SUPPLIED ENTRIES –
▶

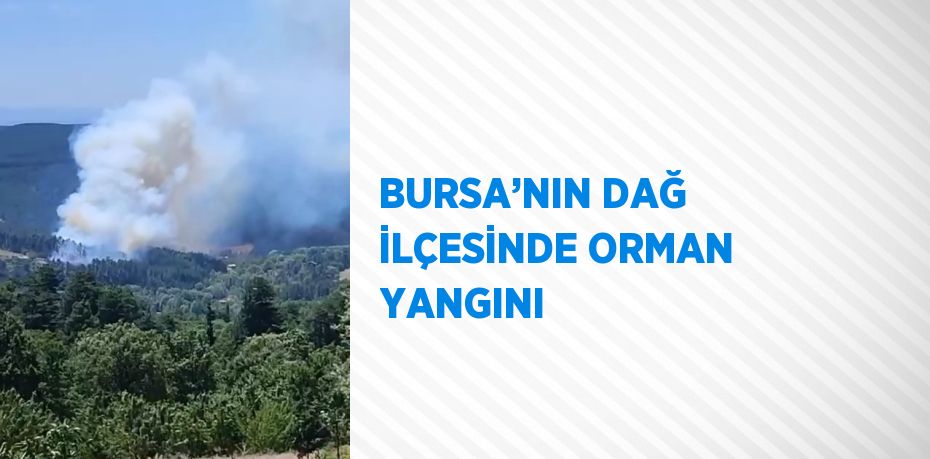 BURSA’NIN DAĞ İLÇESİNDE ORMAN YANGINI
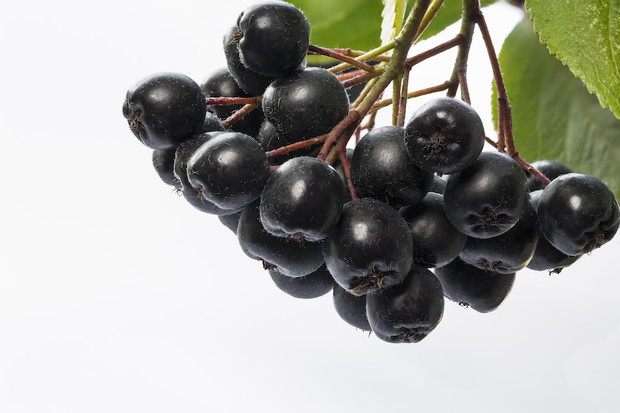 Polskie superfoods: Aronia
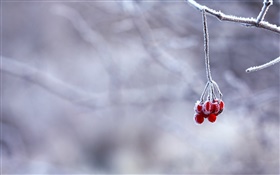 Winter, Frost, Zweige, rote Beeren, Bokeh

◀
▶

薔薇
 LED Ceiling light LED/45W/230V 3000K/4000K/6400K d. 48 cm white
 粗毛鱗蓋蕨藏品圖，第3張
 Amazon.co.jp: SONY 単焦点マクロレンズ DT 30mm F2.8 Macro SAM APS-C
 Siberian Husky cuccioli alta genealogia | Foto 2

◀

TASK PROMPT – Go through the listing above and write out exactly the lines starting with the one holding "LED Ceiling light" and running through the one holding "Siberian Husky cuccioli", ends included, and no others.

ANSWER BOX –
 LED Ceiling light LED/45W/230V 3000K/4000K/6400K d. 48 cm white
 粗毛鱗蓋蕨藏品圖，第3張
 Amazon.co.jp: SONY 単焦点マクロレンズ DT 30mm F2.8 Macro SAM APS-C
 Siberian Husky cuccioli alta genealogia | Foto 2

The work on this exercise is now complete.